Hey, maybe! Hungary lost its last sea access in 1920 in the Treaty of Saint-German, the same year as Horthy’s “regency” began. 
It was either that or hire some nun to teach the kids how to sing…
Can we include Scientology?
i find the original question a little vague. An admiral is just a flag-rank officer who likely has very high access within the government. If he’s the guy who pulls a gun instead of a general, does that make it a “naval dictatorship”? I’d say not.
Is there a case where the navy was the armed forces who physically took control and provided security, control, etc.? That would define a “naval dictatorship” more than the specific rank of the bigwig who grabbed the bigger wig.
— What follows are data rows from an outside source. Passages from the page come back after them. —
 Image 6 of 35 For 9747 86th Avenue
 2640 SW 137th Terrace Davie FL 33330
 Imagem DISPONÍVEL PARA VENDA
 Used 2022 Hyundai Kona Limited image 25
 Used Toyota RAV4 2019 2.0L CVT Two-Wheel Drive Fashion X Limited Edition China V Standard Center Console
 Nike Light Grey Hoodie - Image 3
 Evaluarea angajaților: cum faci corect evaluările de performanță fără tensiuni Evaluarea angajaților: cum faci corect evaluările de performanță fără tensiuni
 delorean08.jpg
It’s not the “specific rank”. It’s who answers to it. Soldiers are not likely to follow a naval officer who deposes the sitting leader, regardless of his rank.
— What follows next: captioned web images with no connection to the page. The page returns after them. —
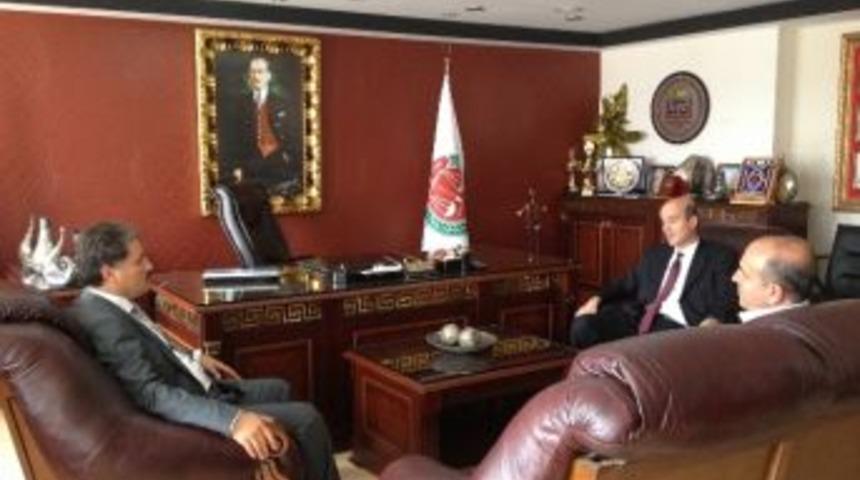 Belediye Başkanı &Ccedil;akır'dan Baro Başkanı Kutlubay'a Ziyaret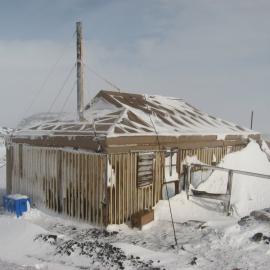 2010-11 Snow build-up around Shackleton's 'Nimrod' hut, Cape Royds (001)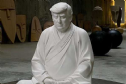 Bức tượng cựu TT Trump trong trang phục Phật giáo được rao bán ở Trung Hoa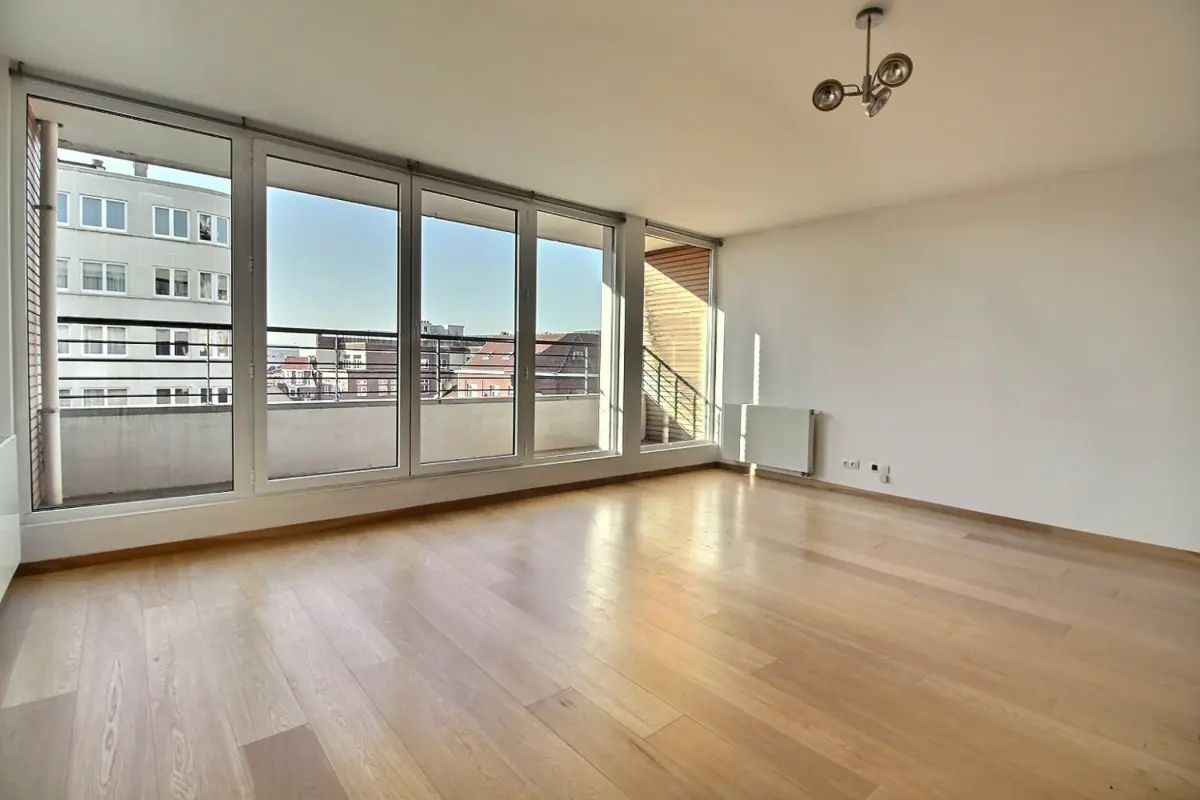 Appartement te  huur in Schaarbeek 1030 1400.00€ 2 slaapkamers 95.00m² - Zoekertje 658343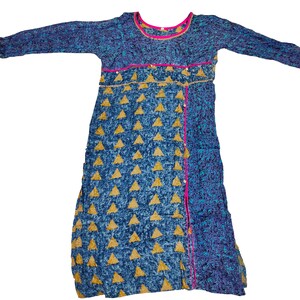 Vestido Kurti estampado de algodón de diseñador con trabajo, vestido Kurti de algodón casual con estilo indio para mujer, vestido superior de algodón étnico, túnica superior kurti para mujer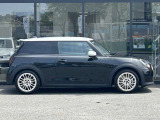 国道246号線沿い、南町田グランベリーパーク駅すぐ。MINI NEXT 東名横浜/〒194-0004 東京都町田市鶴間5-18-1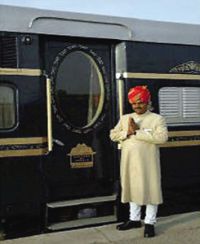 В Индии машинист попросил пассажиров подтолкнуть поезд
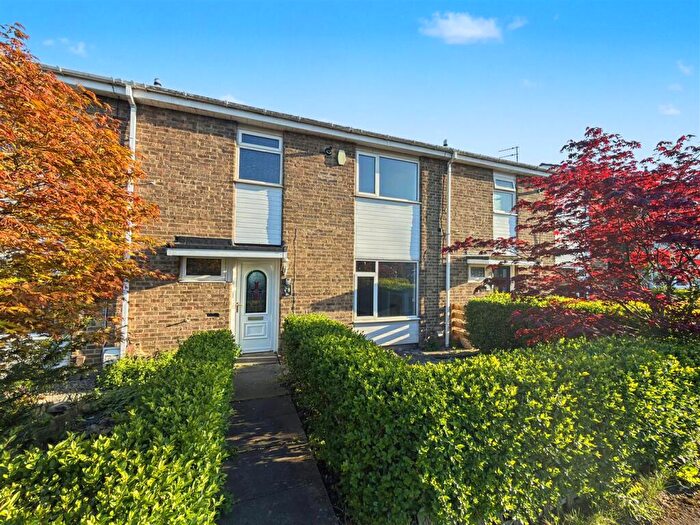 3 Bedroom Terraced House For Sale In Dinsdale Close, Middleton St George, DL2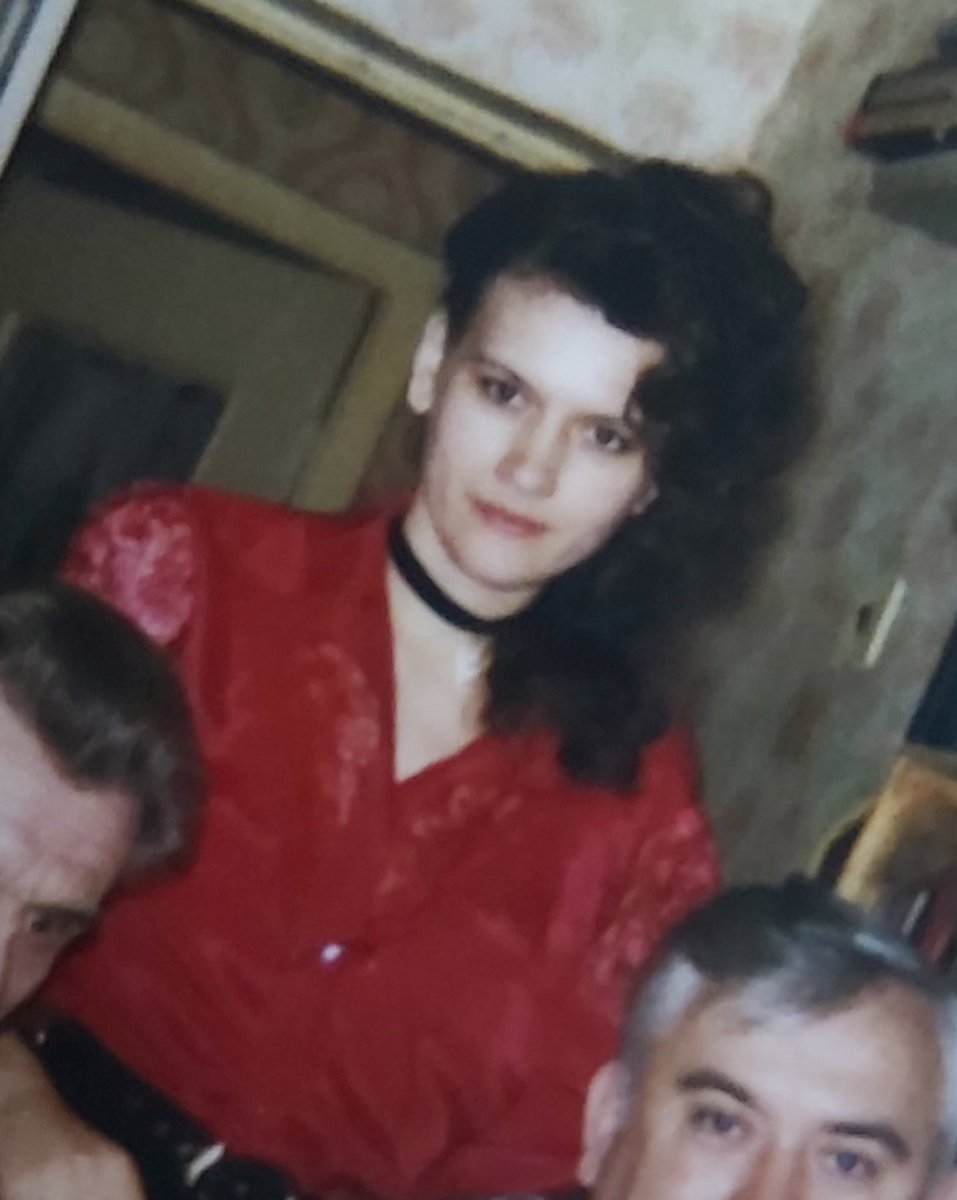 goddamnjohnny's tweet photo. просто посмотрите на мою маму ей здесь 21 🥺❤❤❤ https://t.co/Ze7ZY9QB05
A Russian Navy admiral (Adm. Kolchak) was briefly the leader to the "White " Russian government (in the 1918-1920 Civil war).
I’d say that the Japanese militarist regime is a pretty good rebuttal of the claim in the OP. Like the UK, Japan was an island nation that primarily looked to its world class navy for security instead of its rather middling army, but that didn’t stop the military from seizing power. You could probably describe that regime as being at least a quasai-naval dictatorship given the large role the navy had in it, although the generals were ultimately the ones in charge.
Commodore Bainimarama is a naval officer, but was head of all the armed forces when he took over Fiji back in 2006.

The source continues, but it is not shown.